13:00: Both announcers mentioned +/-. Drink!
10:32: Stop me if you’ve heard this before, but it looks like Matt Roy as scored his first NHL goal against the Sharks. Barclay Goodrow accidentally redirects the shot past Jones and it went past the goal line with white ice between it and the rubber, so ...
9:37: 10 minutes left in a late tie means Meier and Kane are going to lead the Sharks forwards in ice time tonight.
8:22: The in-arena announcer sounds like if Ryan Seacrest had an uncle.
8:15: Kopitar scores, of course, after the Sharks lose a board battle and the ensuring pick hunt, resulting in a bouncing puck to Kopitar and a nice deke-and-goal sequence. We are in lol territory, folks.
4:29: Sharks are losing the shots-on-goal count by quite a few at this point. It’s been a not-so-great late stretch for the guys for whom first place in the division is imperative to playoff success.
3:02: Looks like the Kings knocked the puck over the glass from their defensive zone, so what is potentially the silliest rule in the NHL sends the Sharks to a power play and not a moment too soon!
1:17: Kings find the puck along the boards in their zone, Jeff Carter flips a long shot up, over the Sharks, across the red line and across the goal line for the sealant.
FINAL SCORE: Sharks 2, Kings 4
In what was a surprising turn of events for a team that hadn’t lost two games in a row in regulation all season, the San Jose Sharks lost all three games on their recent homestand. Though the sun has been peaking out from behind the Bay Area clouds lately, one would be wise to bet good money on the even sunnier confines of Los Angeles helping to end the mini skid.
Despite the Sharks’ recent spate of poor results, the team has still maintained the lion’s share of scoring chances.
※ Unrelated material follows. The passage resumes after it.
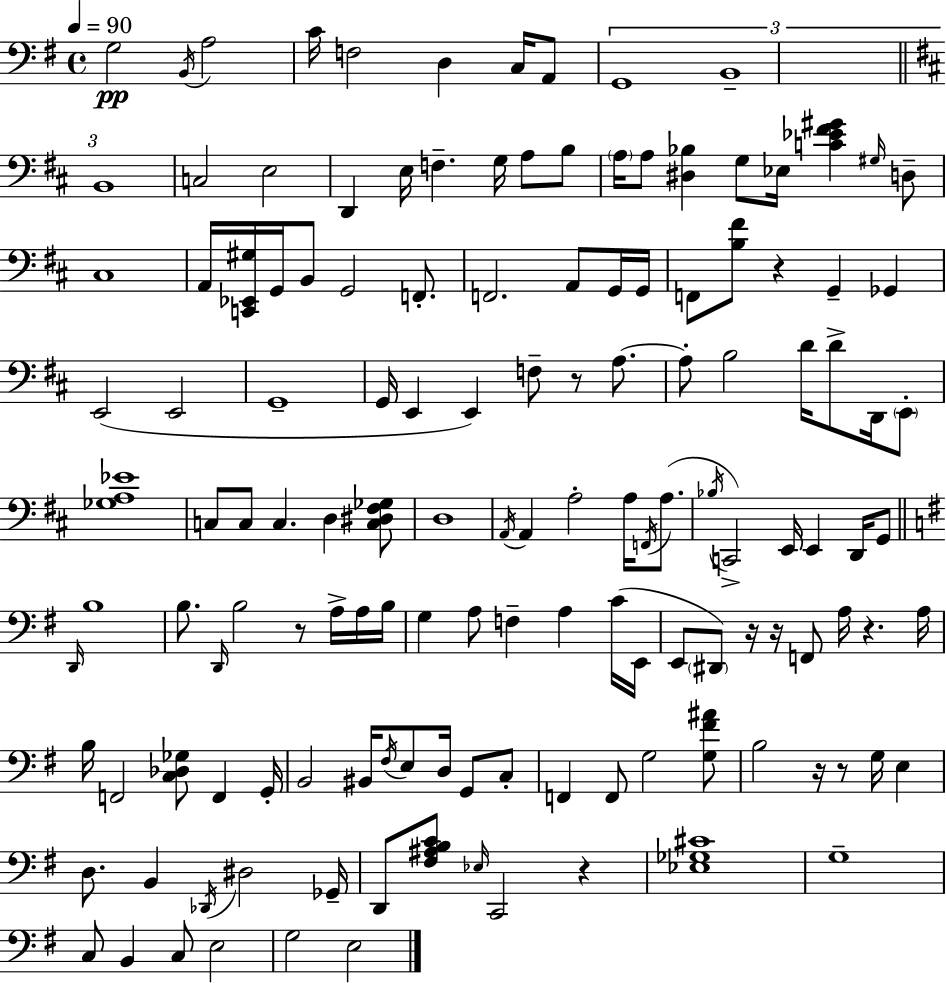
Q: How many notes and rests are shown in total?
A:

However, the high proportion of chances they’ve collected has been overwhelmingly defensive. Los Tiburones, as the new Spanish-language social media accounts would like us to remember fondly, must reach into their back pockets in search of an O-zone spark if they are to succeed.
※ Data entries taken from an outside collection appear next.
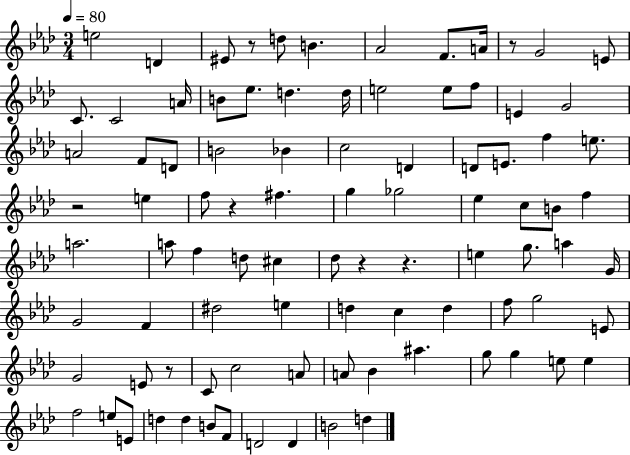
X:1
T:Untitled
M:3/4
L:1/4
K:Ab
e2 D ^E/2 z/2 d/2 B _A2 F/2 A/4 z/2 G2 E/2 C/2 C2 A/4 B/2 _e/2 d d/4 e2 e/2 f/2 E G2 A2 F/2 D/2 B2 _B c2 D D/2 E/2 f e/2 z2 e f/2 z ^f g _g2 _e c/2 B/2 f a2 a/2 f d/2 ^c _d/2 z z e g/2 a G/4 G2 F ^d2 e d c d f/2 g2 E/2 G2 E/2 z/2 C/2 c2 A/2 A/2 _B ^a g/2 g e/2 e f2 e/2 E/2 d d B/2 F/2 D2 D B2 d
Luckily, what Las Vegas brings in spades — dangerous offense — Los Angeles lacks in equal parts. Led by an aging Anze Kopitar, Tyler Toffoli and a struggling Drew Doughty, the Kings don’t have much in the way of resistance to a Sharks team of superior talent and on-ice results.
One team’s trash is another team’s treasure and Los Angeles’ distinct lack of defense should prove the offensive catalyst San Jose has been lacking. With the moribund pair of Adrian Kempe and the ghost of Jeff Carter manning the Kings’ middle-six forward lines, San Jose’s exceptional depth units should have no trouble cashing in on the mismatches up front.
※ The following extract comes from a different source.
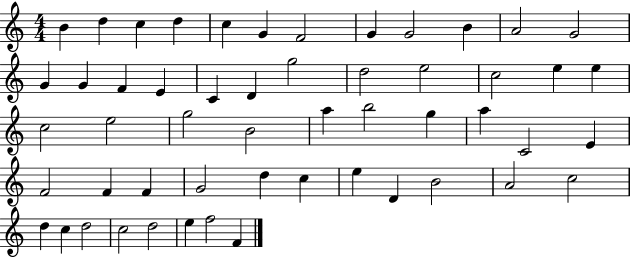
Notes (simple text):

The Logan Couture, Timo Meier, Gustav Nyquist unit should see plenty of Derek Forbort, Drew Doughty and Kopitar, leaving things wide open at 5-on-5 for Tomas Hertl and Joe Thornton to move up and down the ice unencumbered by opposing talent.
While the even-strength battle should be no contest for the visitors, the special teams matchup should pose little threat, as well. The Kings penalty kill, while solid, is no match for San Jose’s top-three power play. If the Kings manage to spend two minutes with a man-advantage, it’s likely they’ll spend all two minutes of it looking in vain for nonexistent chances.
In sum, this game should belong handily to the Sharks. However, as this team has shown all season, no lead is big enough for Martin Jones to keep.
Expected scratches: Lukas Radil, Jacob Middleton, Erik Karlsson (groin), Joe Pavelski (lower-body injury)
Kings (via Jewels From the Crown)
Alex Iafallo — Anze Kopitar — Dustin Brown
Carl Grundstrum — Adrian Kempe — Tyler Toffoli
Brendan Leipsic — Jeff Carter — Trevor Lewis
Austin Wagner — Kyle Clifford
Derek Forbort — Drew Doughty
Alec Martinez — Matt Roy
Sean Walker — Paul LaDue
Expected scratches: Ilya Kovalchuk (what a signing!), Dion Phaneuf, Jonny Brodzinski
Where to Watch
Puck drop is at 7:30 p.m. Pacific/10:30 p.m. Eastern from Staples Center. The game will be broadcast on NBC Sports California in the Bay Area and Fox Sports West in the Los Angeles area. Radio call in the Bay Area will be on 98.5 KFOX or through the Sharks app.